Maka nikmat Tuhan yang mana lagi yang kita keluhkan?

“Aduh, tugas di organisasi ini rasanya kok ga selesai-selesai ya, bisa gila aku kalau tiap hari gini terus!”,
“Capek banget dah hidup di dunia ini, banyak banget masalah setiap harinya! Arghh!!!”,
Hidup ini ga adil!!! Aku udah capek-capek belajar kok nilaiku cuma dapet AB, dia malah santai-santai aja dapet A!”,
“Gausah ngomongin investasi deh, uang kiriman aja tiap tengah bulan udah habis! Aku mah apa atuh re, kirimanku kan ga sebanyak kamu!”.
Hampir setiap hari, ada saja yang mengeluh seperti itu di sekeliling saya.
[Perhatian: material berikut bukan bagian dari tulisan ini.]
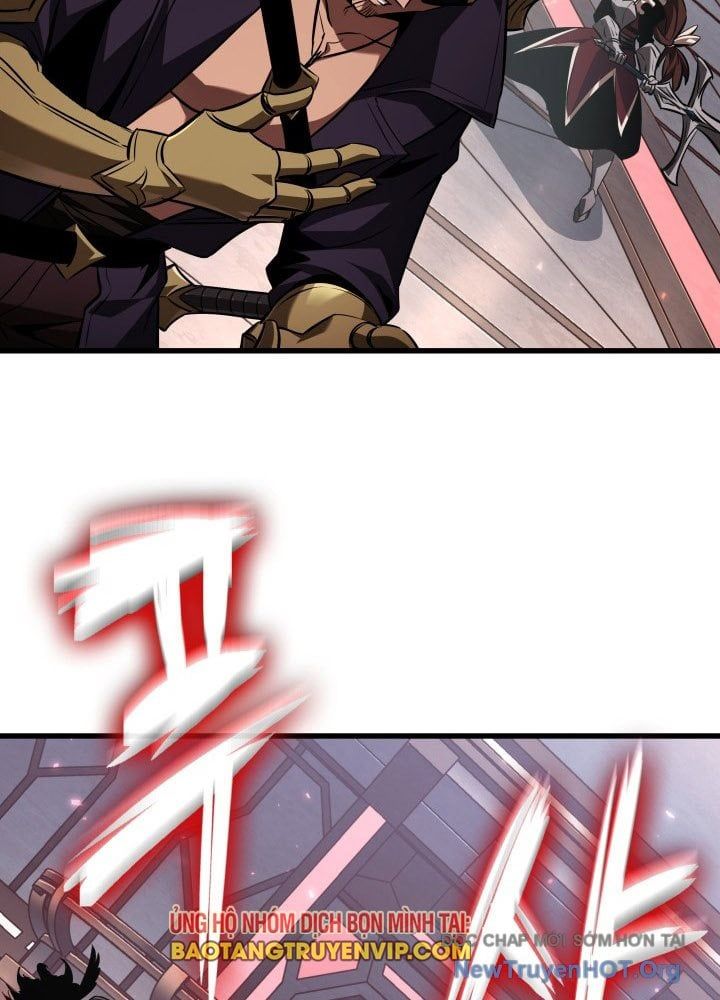 đọc truyện Gacha Vô Hạn Chương 159 ảnh 74 tại Thiên Thai Truyện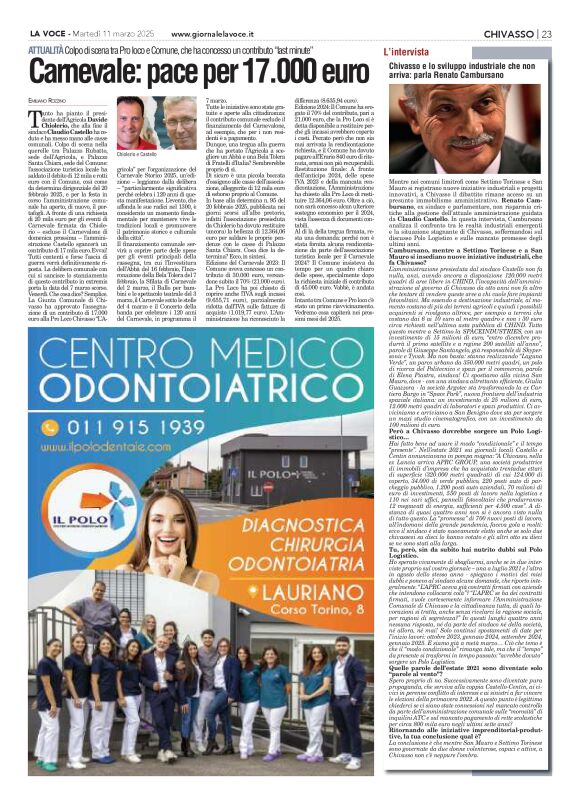 pag 23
Seakan-akan mereka yang mengeluh itu berpikir jika mereka mengeluhkan masalah-masalah yang mereka alami saat itu, maka masalah itu akan pergi dengan sendirinya. Padahal malaikat ada di sisi kanan kiri untuk mencatat kebaikan dan keburukan kita, bukan untuk mencatat keluhan kita!
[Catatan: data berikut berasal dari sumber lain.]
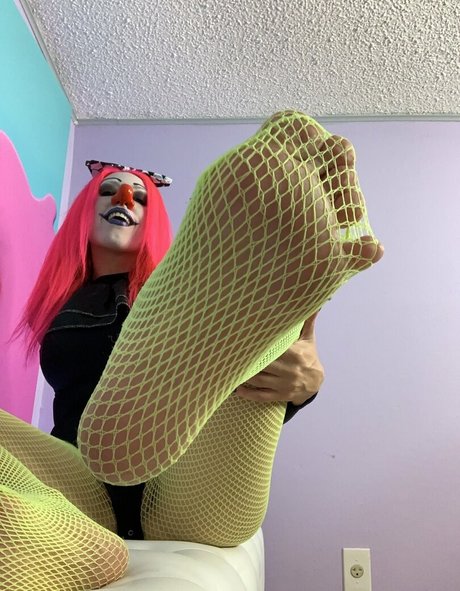 kitziklown model sex pic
Oiya, postingan ini sendiri sebenarnya adalah lanjutan dari kebijaksanaan minggu ke-9: Mengeluh. Namun penyebab tema ini saya angkat lagi adalah buku Tidak Ada yang Tidak Bisa” oleh Dahlan Iskan. Buku ini menjelaskan dengan detail perjalanan seorang Tionghoa yang sekarang bernama Karmaka Surjaudaja, lengkap mulai dari senang, sedih, canda, dan haru yang menyelimuti semua perjalanan dahsyat laki-laki yang sekarang menjadi Chairman di bank NISP tersebut.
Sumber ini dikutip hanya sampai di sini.